Sustainable innovation and system transitions
The study of sustainability and societal challenges such as climate change, energy security, transport and resource efficiency, food safety, obesity and environmentally friendly production have become key areas of innovation studies.
Addressing these so-called ‘grand challenges’ requires both technological and business model innovation and will require radical changes in production and consumption patterns as well as system transitions.
We contribute to a better understanding of various areas of sustainable innovation and system transitions including decarbonization of the energy system, the electrification of mobility, and more sustainable forms of food production and consumption. We have a special focus on studying the complexities of system transitions, as such transitions not only involve a change in technology but also a change in institutions, regulations, infrastructure, and consumer behaviour.
Our research strengths within this theme are in the following research areas:
- Sustainability transitions and the Multi-Level Perspective (MLP)

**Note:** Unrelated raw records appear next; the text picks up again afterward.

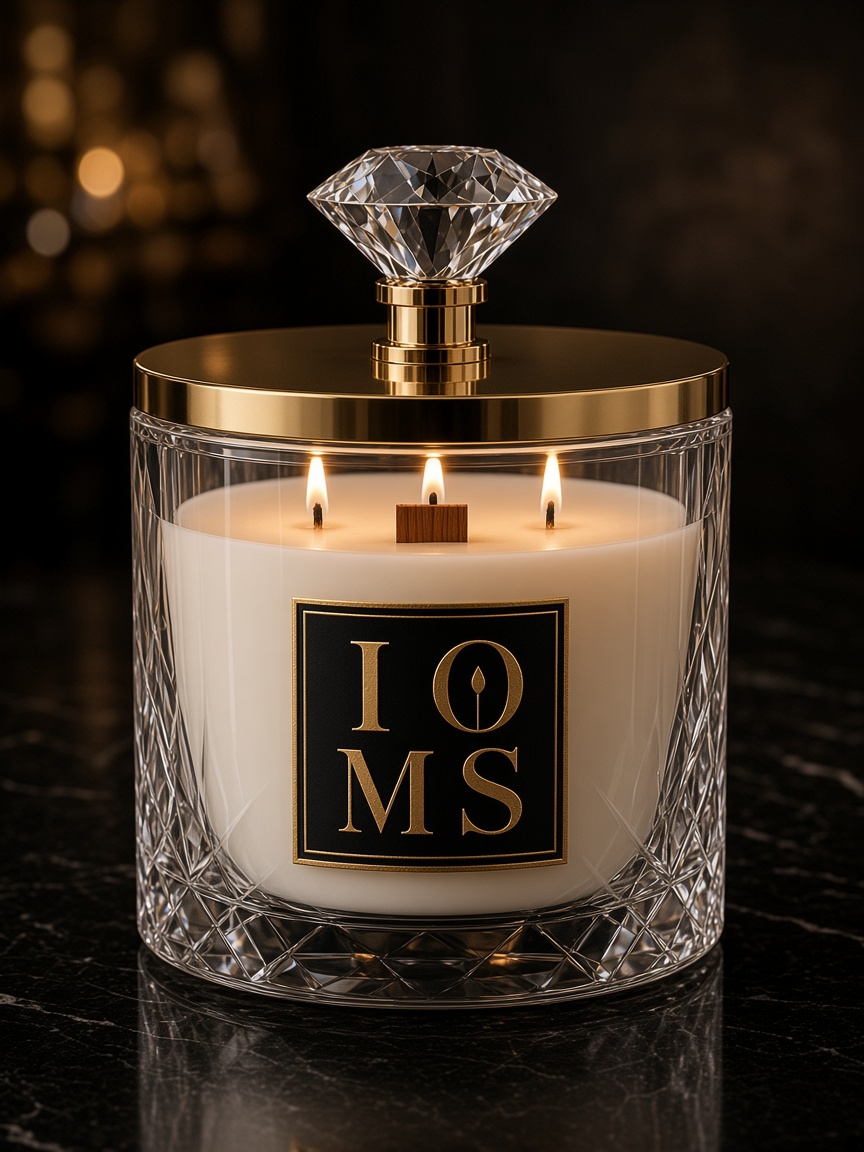 Diamond Cut Grande three thick wooden-wick clear crystal candle with square IOMS mark and a brilliant-cut topper on a raised gold stem.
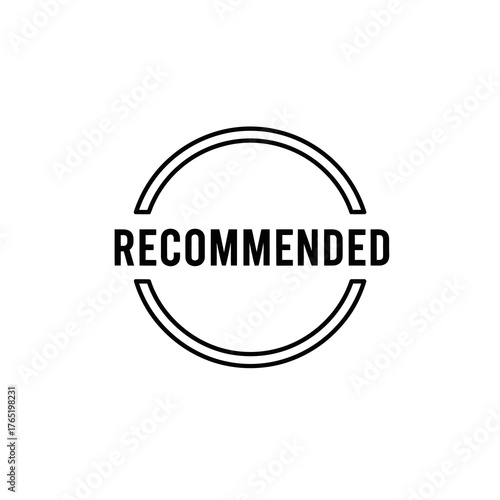 Circular stamp with the word recommended in black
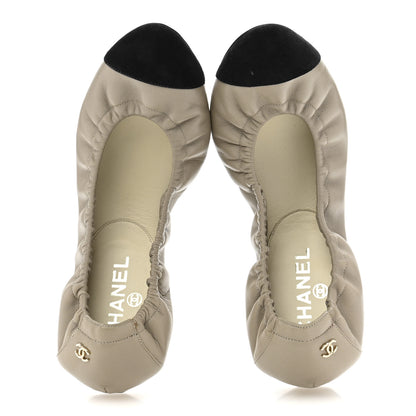 Chanel Lambskin CC Elastic Cap Toe Ballerina 40 Flats 40 Beige Black 2 of 10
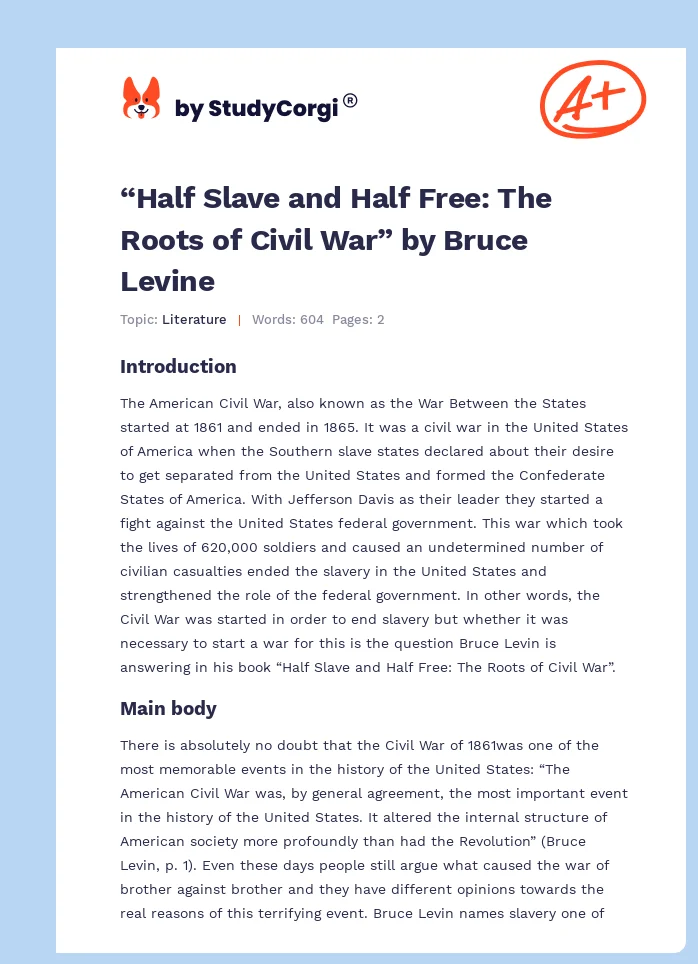 “Half Slave and Half Free: The Roots of Civil War” by Bruce Levine. Page 1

Our research conceptualises sustainable innovation as a system transition, building links between evolutionary economics, innovation management, and science and technology studies. Pioneering the so-called Multi-level Perspective (MLP), we examine transition pathways of new technologies such as wind turbines, electric vehicles and biofuels by looking at the interaction between three levels: the regime, the niche and broader landscape developments. We show how sustainable technologies can develop within a niche to eventually break into the regime if windows of opportunity arise from advantageous landscape developments. The MLP is a key framework in transitions research but it also has impact on EU environmental policy and the global governance of climate change via the work of the Intergovernmental Panel on Climate Change.
- Paradoxes and tensions in corporate sustainability
We focus on the complexities of corporate sustainability and the ensuing sustainable innovation pathways. We have developed a ‘paradox perspective on sustainability’ that states that for businesses to attend to all the Sustainable Development Goals (SDGs), they will inevitably encounter all kinds of tensions between different desirable but potentially conflicting economic, environmental and social objectives. We study how firms in the process of innovating their business for a more sustainable future make trade-offs between different objectives.
- Business models, partnerships and alliances for sustainability
In our research, we develop the idea that sustainable innovation requires the development of new business models. Business models for sustainability not only revolve around the creation and capture of economic value but also that of social and environmental value. Creating value for a broader spectrum of stakeholders involves new forms of collaboration and partnerships with different private and public actors. Since established firms often lack the relevant knowledge in-house, they tend to look outside for knowledge and legitimacy. We examine how firms choose their partners and develop alternative ways of doing business that are in line with addressing the SDGs.